In a recent statement to Brazil’s competition watchdog, Apple leaned on an increasingly familiar argument as it pushed back against pressure to further open up the iPhone’s NFC access. Here are the details.
Apple pushes back on Brazil’s NFC pressure
Last year, Brazil’s central bank (Banco Central) and banking lobby group Febraban asked CADE, the country’s competition watchdog, to investigate whether Apple was unfairly limiting third-party payment providers’ access to the iPhone’s NFC compared to its own services.
In response, Apple sent CADE a list of counterarguments, including that it holds just 10% of Brazil’s smartphone market, and that third-party developers have had access to the iPhone’s NFC since 2024.
Apple also said that the Brazilian marketplace was well-served with payment options, to the point that Apple Pay was not “causing damage to the consumer, nor the exclusion of competitors,” and that there was “nothing in Brazilian law that prevents Apple from charging a fee for its services,” as Tecnoblog reported at the time.

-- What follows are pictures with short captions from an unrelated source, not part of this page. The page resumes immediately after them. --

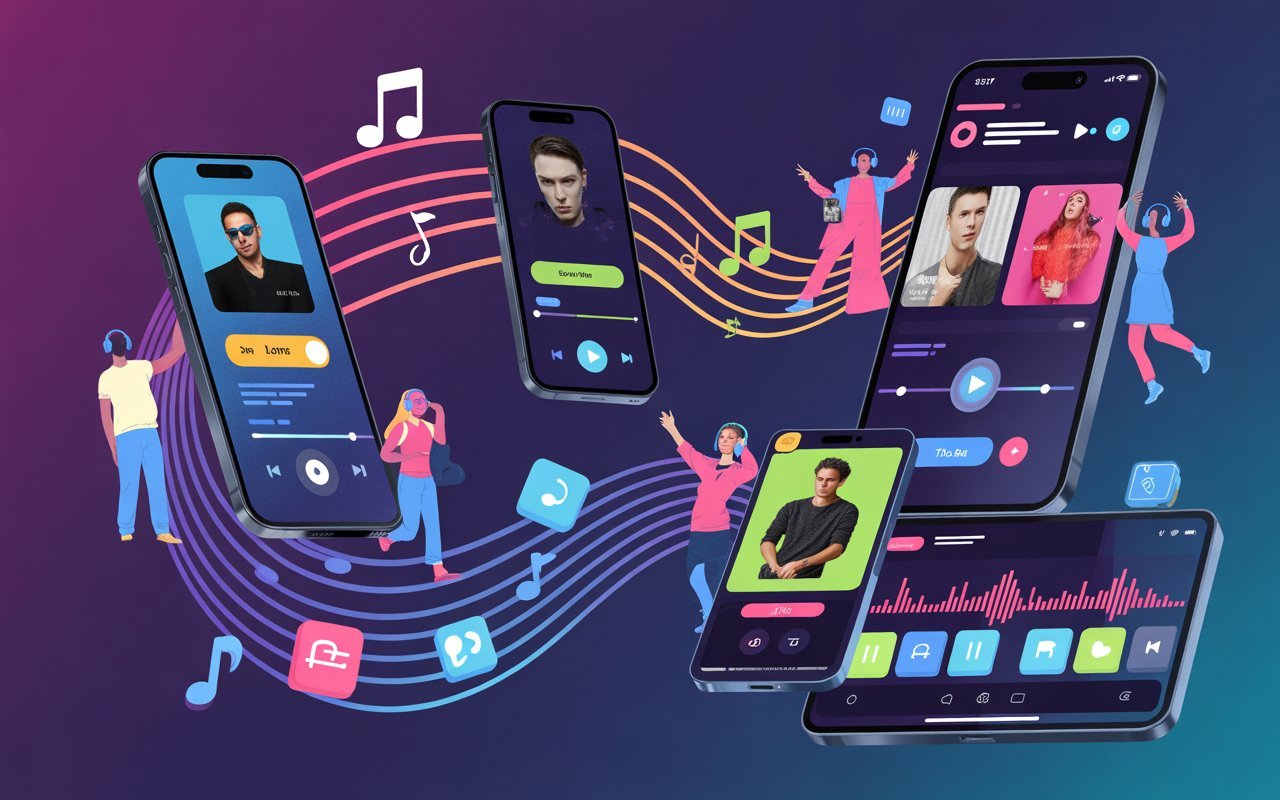 pop music streaming platforms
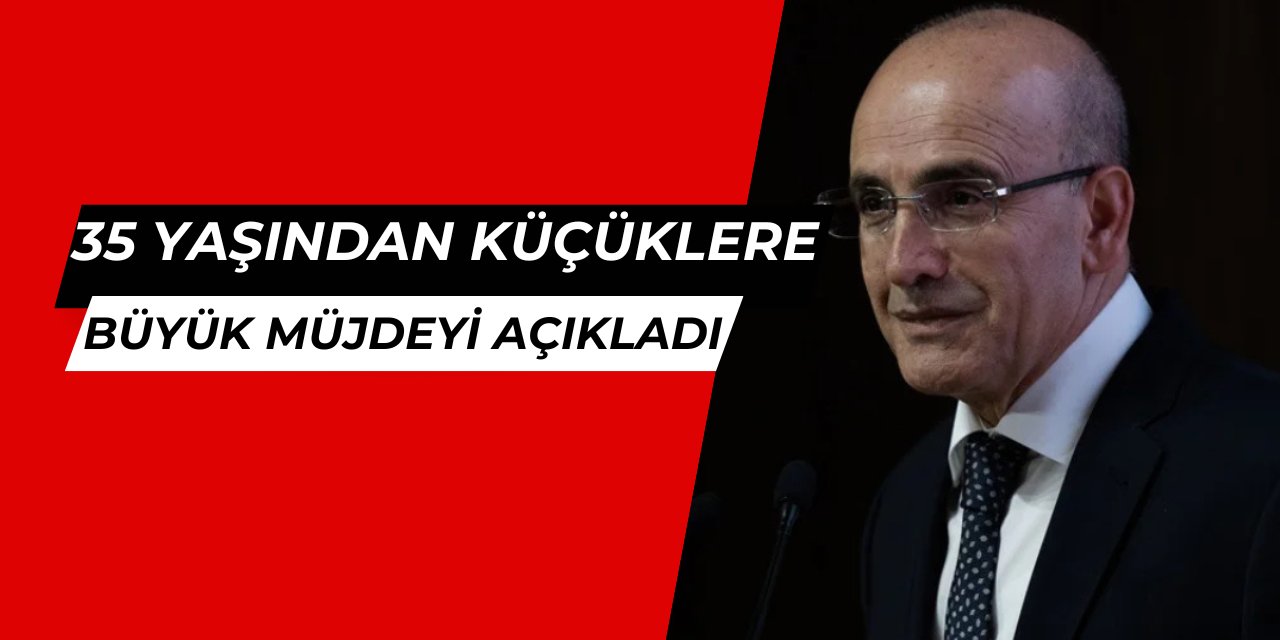 Mehmet Şimşek'ten kredi müjdesi: 35 yaşından küçüklere iş kurma desteği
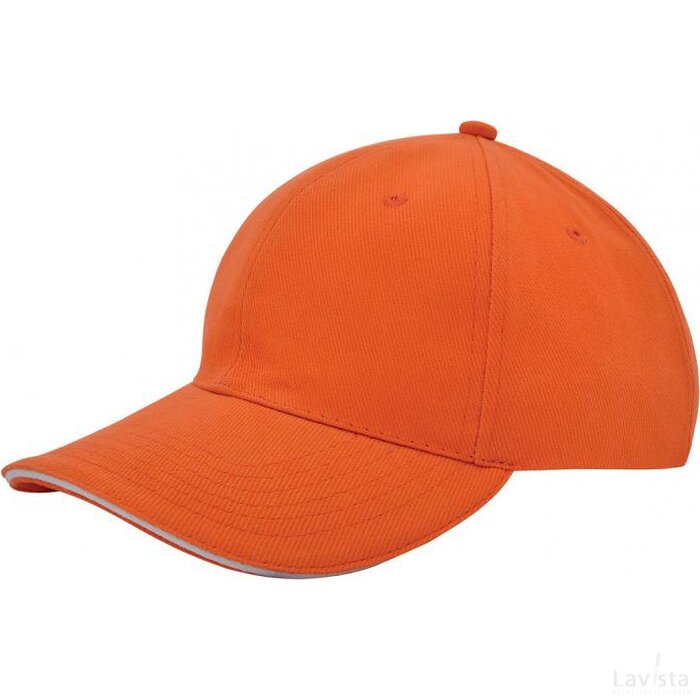 Heavy Brushed Cap Oranje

Apple’s “well-served with payment options” touches on PIX, a local, free, and instant payment system launched in 2020 that is by far the country’s most used payment method.
Last year, Banco Central rolled out a contactless protocol for PIX, which Apple (contrary to Google) has refused to adopt, deeming it a non-essential feature for Brazilians, who still rely heavily on PIX payments via QR codes rather than the relatively new contactless method.
A few days ago, Apple sent CADE another statement, further reaffirming its stance.
As reported by O Globo, the company’s local legal team argued that “there is a desire by third parties — specifically banks and payment service providers — to act as ‘free riders’ on Apple’s proprietary technologies, without having to compensate Apple for its related investments in research and development and for ongoing services — such as provider audits, due diligence, and continuous monitoring of the security of payment infrastructures.”
In addition, they said:
“(…) these companies are interested in promoting an NFC access model that, unlike Apple Pay and Apple Wallet, introduces friction that may limit users’ willingness to easily switch between different payment cards, by requiring them to select a new payment solution each time they want to use a different card.”
Apple’s statement came almost exactly one month after some of the company’s representatives met with Banco Central’s director of regulation, Gilneu Francisco Astolfi Vivan.
The meeting was closed to the press, and no details were disclosed beyond the fact that it would cover “regulatory issues,” according to Vivan’s official schedule for January 15.